Se mi conosci un pochino, sai che ho poche certezze nella vita: mi piacciono tantissimo i lamponi, il verde è il mio colore preferito e tra le cose che amo di più c’è l’andare al cinema.
Questa cosa del cinema ha radici profonde, che nascondono una storia che inizia molto tempo fa, prima ancora che io nascessi. In più, abito in una città relativamente piccola, che però conta (contava, più che altro) un numero abbastanza alto di sale e di teatri. Fino a poco tempo fa, potevi percorrere un paio di km nel centro e ti imbattevi in cinque cinema diversi. Due hanno già chiuso, anni fa. Fra una settimana chiuderà ufficialmente anche l’Iris, e la colpa è anche un po’ mia.
Mio nonno, oltre a occuparsi di una piccola sala in campagna (ma parliamo di un’epoca in cui io non era neanche lontanamente un’idea), lavorava come ragioniere per questi cinema; mi hanno sempre raccontato che il suo ufficio era proprio lì, dove ora ci hanno fatto quella minuscola saletta in alto, quella dove ci abbiamo visto Manchester by the sea pochi mesi fa.

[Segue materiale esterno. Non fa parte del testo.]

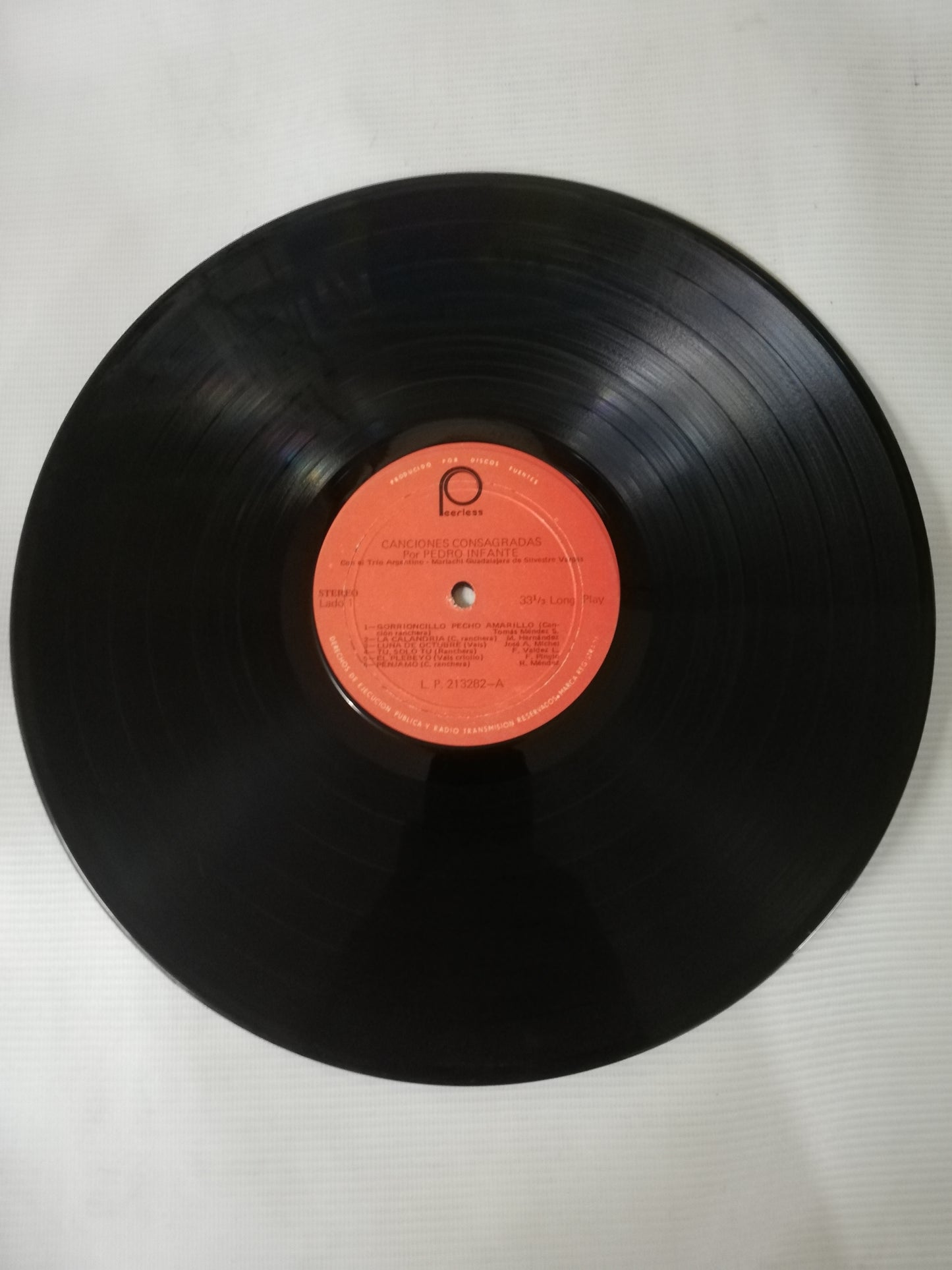 LP PEDRO INFANTE - CANCIONES CONSAGRADAS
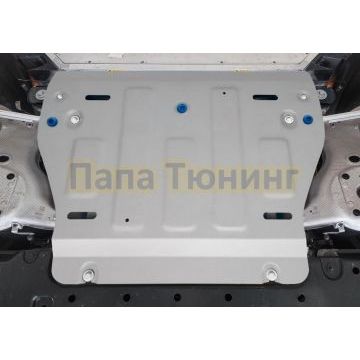 Защита переднего электродвигателя 2 части + защита заднего электродвигателя+ комплект крепежа Rival Алюминий Zeekr 001 2023- 4WD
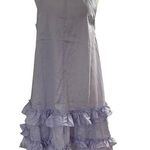 Rebecca Taylor  Womens Halter Dress Size 4 100% Cotton Ruffle Purple Photo 0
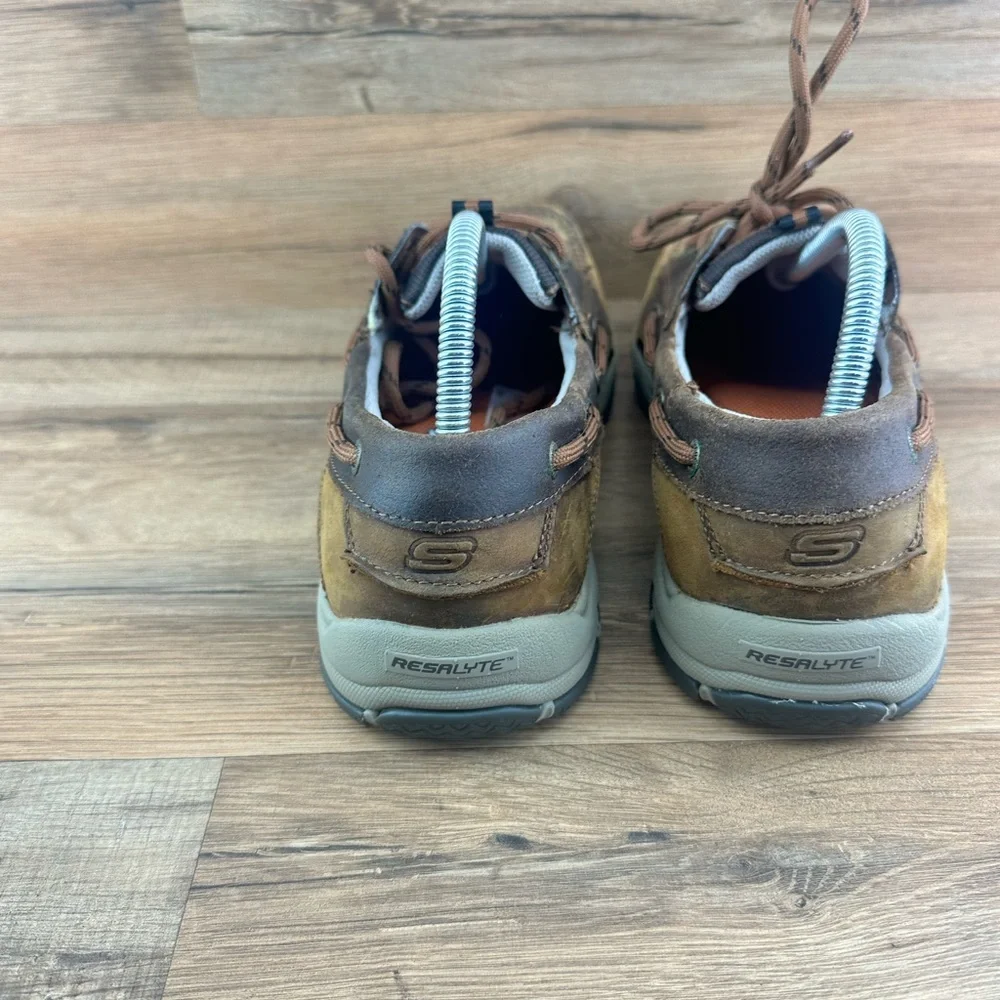 SKECHERS Brown Leather Casual Boat Deck Shoes Size US 8.5 EUR 41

La mia passione per il cinema nasce probabilmente proprio grazie a loro: era spesso la nonna che mi portava a vedere i film Disney. Capitava anche che me li facesse vedere due volte, perché eravamo entrate tardi e ci eravamo perse l’inizio. E capitava che mi portasse a vederli anche se la volta prima le avevo detto che “nonna, sai che tu assomigli ad Ursula della Sirenetta?”. Se aveva tempo mi preparava i pop corn (perché i pop corn della nonna sono più buoni), ma poi mi comprava comunque qualcosa al bar.
Al cinema ci ho visto tantissime cose: ho pianto quando è morto Charlie (non dirmi che non hai visto Charlie – Anche i cani vanno in paradiso che ti insulto), ho avuto paura quando sono scesi gli gnu nel Re Leone e ho mosso la testa a ritmo con i dalmata guardando La carica dei 101 versione film.